May 20, 2009 at 08:20 PM ·
Thanks for the encouragement Anne-Marie. Why is it so ingrained in human nature to never be happy with what we have?
Royce, I know the town you mentioned, Manitou Springs! I've actually spent a lot of time there in the past few months working on some townhouses (I'm a carpenter by trade) just behind the Super 8 motel right before all those shops. I've never once thought to go looking through that area for music stores. I've even seen the dulcimer store, but I guess it never registered.
It would be great to see you around town.

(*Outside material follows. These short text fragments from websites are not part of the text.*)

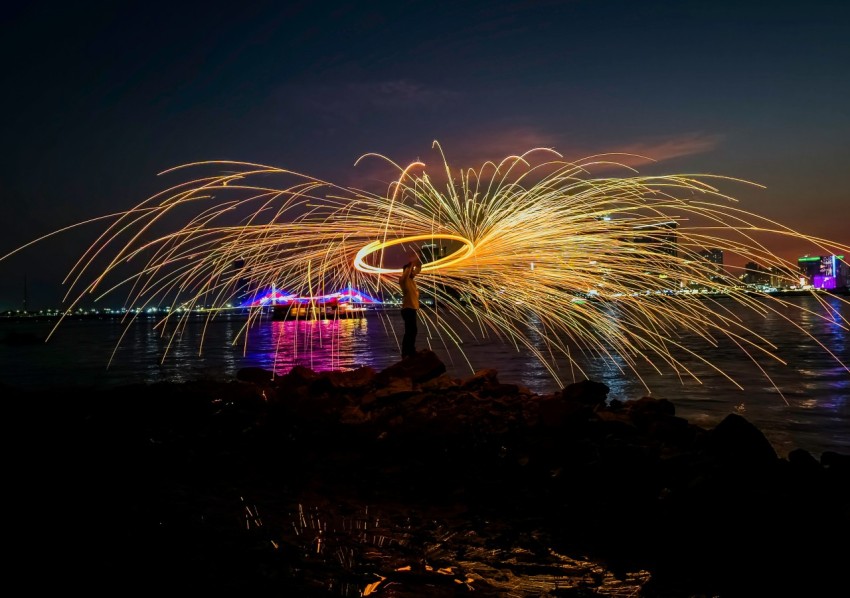 a fireworks display in the sky over a body of water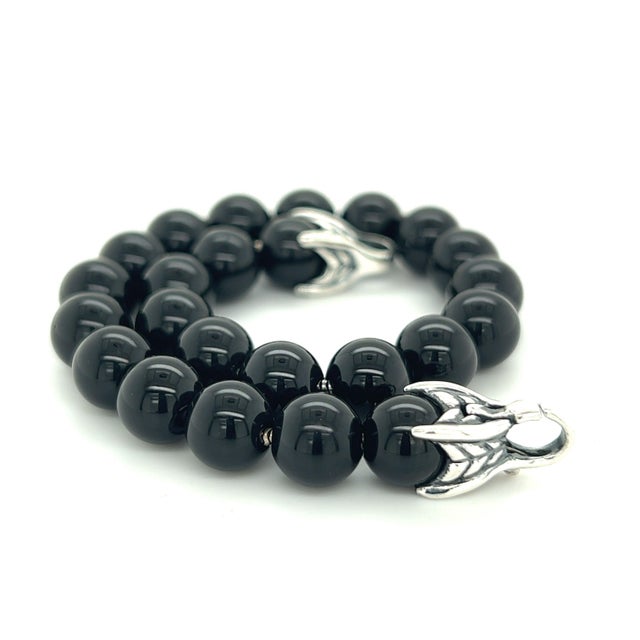 1990s David Yurman Authentic Estate Onyx Spiritual Beads Bracelet 8 Sterling Silver For Sale - Image 4 of 9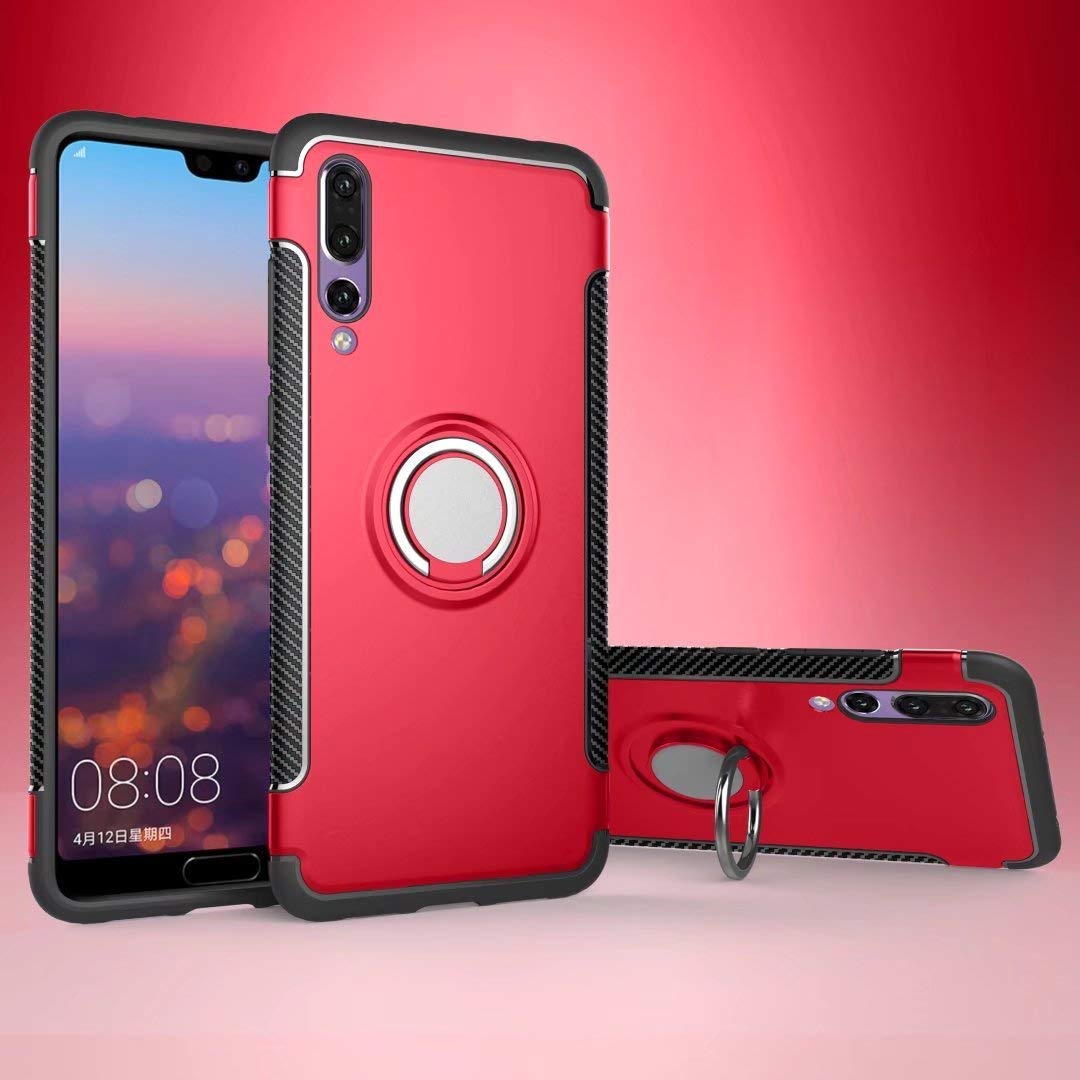 Protectores para celular  para Huawei  P20 Pro Funda reforzada con anillo v1 Rojo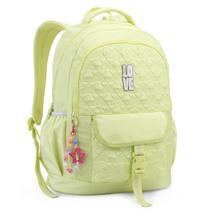 Mochila Feminina Juvenil Escolar Chaveiro Matelassê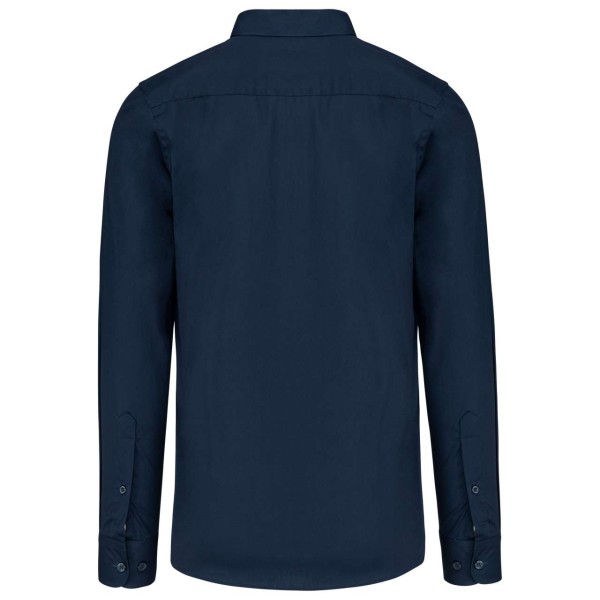 MEN’S LONG-SLEEVED COTTON POPLIN SHIRT Kék 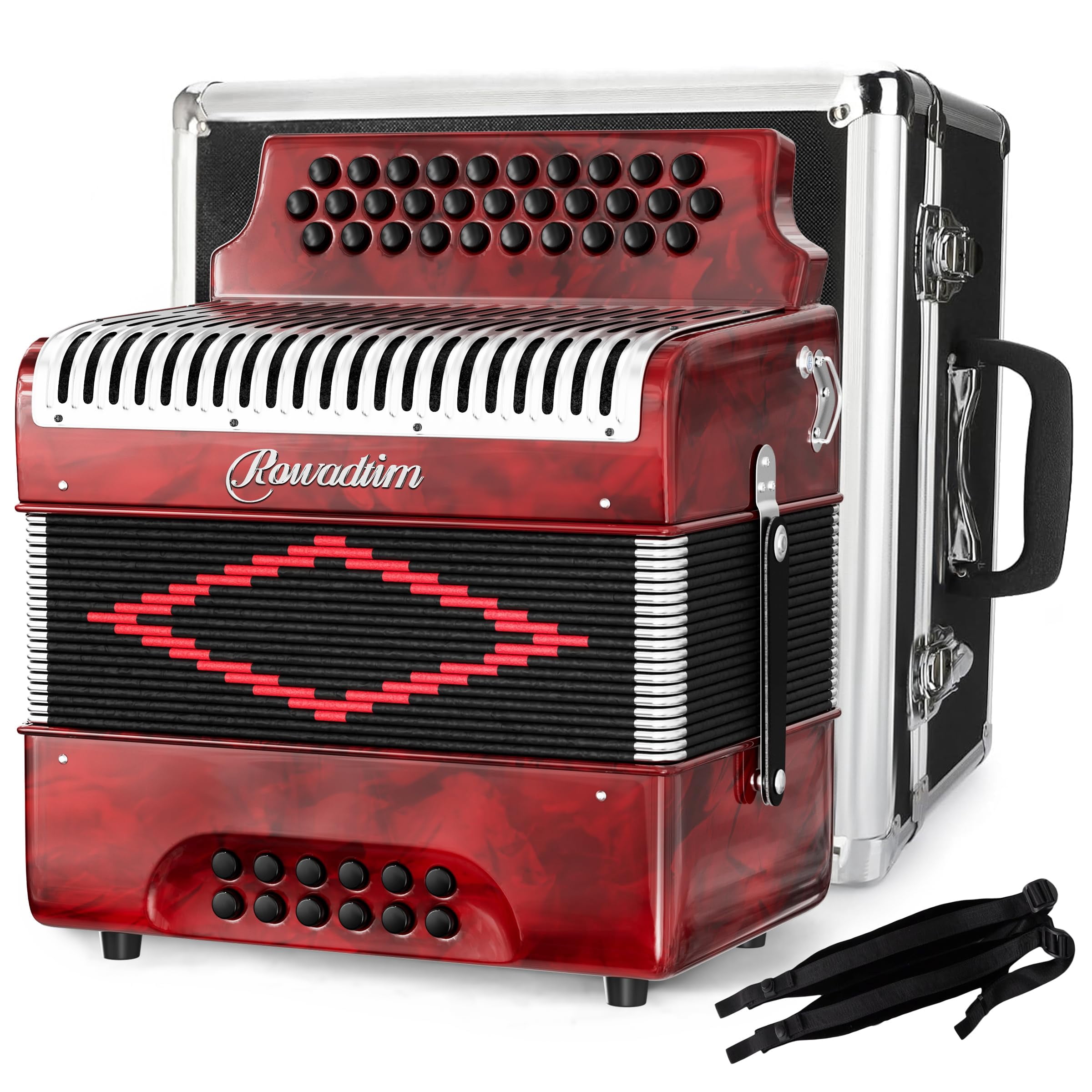 Accordion - 31 Key Diatonic, 12 Bass Buttons (G/C/F Tuning), Push-Pull Isochord Design, Beginner-Friendly Adult Set with Case, Gloves & Cleaning Wipes
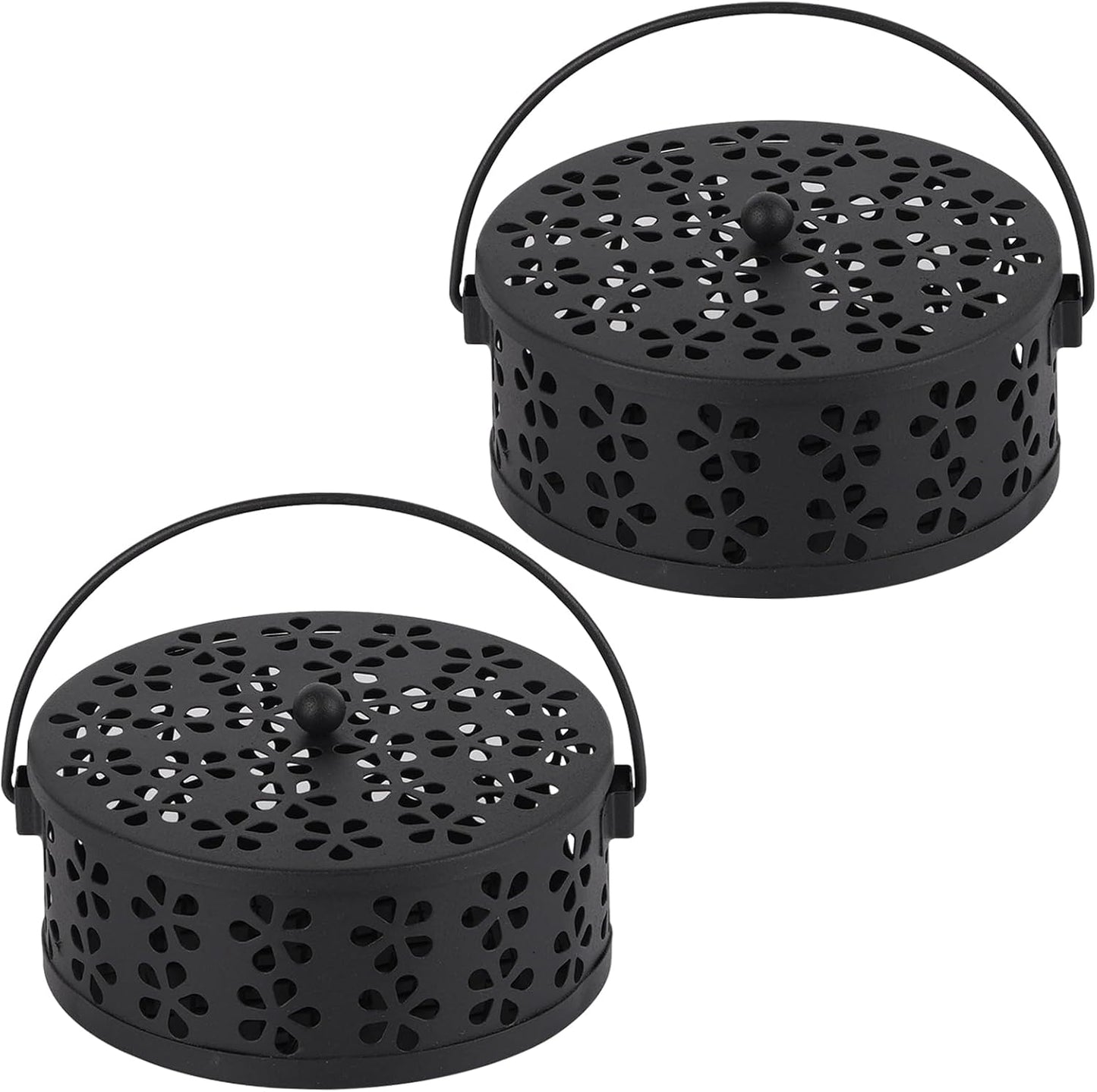 Portable Iron Mosquito Coil Holder with Handle Round Heat-Resistant Incense Holder for Home Office Camping (Bronze)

May 20, 2009 at 08:42 PM ·
I would second the comment made by Robert Spear about getting an instrument with a longer string length. I just upgraded to a new instrument. One of the things I did not like about my old violin was that it was oversized. I had to stretch a little more to reach the notes. It is a Heberlein, Maggini copy and like many Maggini's it is larger than most "standard" violins. But an instrument like that might be really helpful to you.
I generally disagree with the comments that you need to learn to shuffle your fingers to hit the half steps. Yes, we all have to do it in the higher positions. For me, that means 7th position and higher. But when playing classical music, a lot of playing is done in 1st or 3rd position. If you have to shuffle in 3rd position, that is a pretty big impediment to learning an already difficult instrument.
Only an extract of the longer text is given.